# camera on surface pro 3



## clover65 (Mar 5, 2005)

I have surface pro 3 and the latest version of Skype.
All Windows updates installed and up to date.
I am unable to record a video message on Skype. 
When i click on Send video message all i get is a spinning circle in middle of screen and a box that says " looking good start recording"...nothing happens.
My camera works perfectly when i have a video call.
Can someone please shed some light on why this is happening?
Vera.


----------



## Masterchiefxx17 (Feb 27, 2010)

Hi and Welcome to TSF!

Make sure your running the latest drivers for the Surface:

Download Surface Pro 3, Surface Pro 2, and Surface Pro firmware and driver packs from Official Microsoft Download Center


----------



## clover65 (Mar 5, 2005)

I downloaded all those, but none of them seem to apply to my problem.


----------



## clover65 (Mar 5, 2005)

I have just installed my logitech camera, and it works just fine with Skype to send video messages. I cannot understand how Microsoft can put out Surface pro3 with inbuilt camera, which does not work properly with microsoft owned Skype.


----------



## Masterchiefxx17 (Feb 27, 2010)

How do other video recording work? Do they see the camera?

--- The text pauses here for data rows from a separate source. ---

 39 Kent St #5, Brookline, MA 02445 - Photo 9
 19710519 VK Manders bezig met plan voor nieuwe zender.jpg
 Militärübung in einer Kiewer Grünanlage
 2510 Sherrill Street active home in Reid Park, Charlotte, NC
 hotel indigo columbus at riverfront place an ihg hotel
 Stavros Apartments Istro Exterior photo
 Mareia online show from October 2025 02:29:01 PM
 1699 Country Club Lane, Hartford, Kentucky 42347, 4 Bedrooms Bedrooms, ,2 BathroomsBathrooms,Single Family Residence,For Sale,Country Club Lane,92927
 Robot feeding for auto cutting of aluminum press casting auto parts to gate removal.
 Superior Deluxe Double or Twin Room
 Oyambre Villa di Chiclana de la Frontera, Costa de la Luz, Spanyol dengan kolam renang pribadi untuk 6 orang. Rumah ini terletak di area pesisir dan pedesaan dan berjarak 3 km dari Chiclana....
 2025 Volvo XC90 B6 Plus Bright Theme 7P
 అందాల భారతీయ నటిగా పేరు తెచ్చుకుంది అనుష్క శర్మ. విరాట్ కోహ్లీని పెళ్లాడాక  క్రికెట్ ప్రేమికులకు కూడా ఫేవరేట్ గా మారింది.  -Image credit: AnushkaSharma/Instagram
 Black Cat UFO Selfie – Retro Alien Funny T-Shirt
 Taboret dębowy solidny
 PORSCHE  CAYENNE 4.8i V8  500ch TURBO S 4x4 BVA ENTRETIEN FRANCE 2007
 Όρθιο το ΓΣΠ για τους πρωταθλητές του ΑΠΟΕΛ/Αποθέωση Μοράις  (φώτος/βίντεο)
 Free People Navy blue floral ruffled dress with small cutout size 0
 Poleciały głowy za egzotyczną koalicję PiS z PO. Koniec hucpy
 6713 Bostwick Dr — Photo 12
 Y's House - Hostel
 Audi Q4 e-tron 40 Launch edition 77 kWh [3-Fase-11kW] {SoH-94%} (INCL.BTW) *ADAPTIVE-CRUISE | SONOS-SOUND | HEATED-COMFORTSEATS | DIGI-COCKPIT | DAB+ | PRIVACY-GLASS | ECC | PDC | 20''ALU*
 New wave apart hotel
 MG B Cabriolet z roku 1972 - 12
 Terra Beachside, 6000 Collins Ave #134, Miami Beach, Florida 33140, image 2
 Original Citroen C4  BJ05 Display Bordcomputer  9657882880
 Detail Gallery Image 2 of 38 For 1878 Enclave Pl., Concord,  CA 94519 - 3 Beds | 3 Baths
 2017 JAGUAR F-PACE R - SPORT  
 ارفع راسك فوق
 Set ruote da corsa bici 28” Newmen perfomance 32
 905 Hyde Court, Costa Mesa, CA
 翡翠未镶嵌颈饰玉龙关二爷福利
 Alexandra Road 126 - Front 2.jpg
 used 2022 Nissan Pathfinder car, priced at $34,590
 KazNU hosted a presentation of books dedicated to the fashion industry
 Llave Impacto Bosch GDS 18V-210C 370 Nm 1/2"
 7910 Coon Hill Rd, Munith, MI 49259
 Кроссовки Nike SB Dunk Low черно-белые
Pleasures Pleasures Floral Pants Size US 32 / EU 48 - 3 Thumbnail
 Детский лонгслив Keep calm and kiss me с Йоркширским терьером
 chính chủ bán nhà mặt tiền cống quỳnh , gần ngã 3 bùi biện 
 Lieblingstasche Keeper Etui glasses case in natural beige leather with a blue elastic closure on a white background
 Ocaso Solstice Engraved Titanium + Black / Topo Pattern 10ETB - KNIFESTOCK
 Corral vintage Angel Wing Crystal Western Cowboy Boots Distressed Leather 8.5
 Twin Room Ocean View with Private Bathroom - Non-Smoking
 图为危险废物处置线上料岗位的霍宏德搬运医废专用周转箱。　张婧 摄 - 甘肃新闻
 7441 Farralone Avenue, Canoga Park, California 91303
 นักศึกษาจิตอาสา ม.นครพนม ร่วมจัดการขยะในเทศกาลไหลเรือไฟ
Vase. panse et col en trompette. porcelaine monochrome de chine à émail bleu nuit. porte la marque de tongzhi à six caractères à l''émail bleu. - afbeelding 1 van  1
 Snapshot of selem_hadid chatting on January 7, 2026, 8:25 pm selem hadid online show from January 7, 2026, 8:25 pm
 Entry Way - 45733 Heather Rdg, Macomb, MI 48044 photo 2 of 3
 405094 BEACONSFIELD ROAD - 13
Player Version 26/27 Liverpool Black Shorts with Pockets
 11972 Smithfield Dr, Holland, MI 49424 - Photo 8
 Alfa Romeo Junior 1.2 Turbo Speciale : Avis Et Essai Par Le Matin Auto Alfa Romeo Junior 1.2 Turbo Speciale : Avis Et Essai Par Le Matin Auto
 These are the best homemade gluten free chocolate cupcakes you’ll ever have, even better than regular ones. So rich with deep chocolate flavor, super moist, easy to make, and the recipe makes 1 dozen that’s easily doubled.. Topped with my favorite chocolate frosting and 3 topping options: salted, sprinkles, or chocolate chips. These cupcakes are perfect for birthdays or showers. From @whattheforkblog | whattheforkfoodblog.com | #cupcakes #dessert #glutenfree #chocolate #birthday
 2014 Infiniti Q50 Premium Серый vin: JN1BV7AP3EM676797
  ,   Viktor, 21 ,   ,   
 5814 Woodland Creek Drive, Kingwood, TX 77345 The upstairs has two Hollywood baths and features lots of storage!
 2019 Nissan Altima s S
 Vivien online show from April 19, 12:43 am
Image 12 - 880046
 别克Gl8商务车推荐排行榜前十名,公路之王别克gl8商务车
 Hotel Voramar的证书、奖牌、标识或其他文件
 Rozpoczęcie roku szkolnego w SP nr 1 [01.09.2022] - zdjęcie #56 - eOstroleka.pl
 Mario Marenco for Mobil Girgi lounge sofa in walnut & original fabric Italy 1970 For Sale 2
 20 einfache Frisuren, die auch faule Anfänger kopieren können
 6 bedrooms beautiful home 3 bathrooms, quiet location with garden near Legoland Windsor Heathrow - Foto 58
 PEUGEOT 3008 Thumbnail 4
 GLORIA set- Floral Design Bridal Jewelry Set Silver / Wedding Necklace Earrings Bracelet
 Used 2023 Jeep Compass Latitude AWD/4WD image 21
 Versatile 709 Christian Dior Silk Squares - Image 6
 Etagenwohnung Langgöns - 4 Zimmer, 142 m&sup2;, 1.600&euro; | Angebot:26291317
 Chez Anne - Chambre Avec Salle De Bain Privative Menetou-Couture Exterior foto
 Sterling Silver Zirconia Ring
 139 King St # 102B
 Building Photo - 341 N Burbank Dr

I would attempt and reinstall Skype.


----------



## clover65 (Mar 5, 2005)

The camera works fine with everything else...even to have video call on Skype. It is only the video message it does not work on. I reinstalled Skype and even tried an older version of Skype.


----------



## Masterchiefxx17 (Feb 27, 2010)

Sounds like a bug with Skype then, not the camera.


----------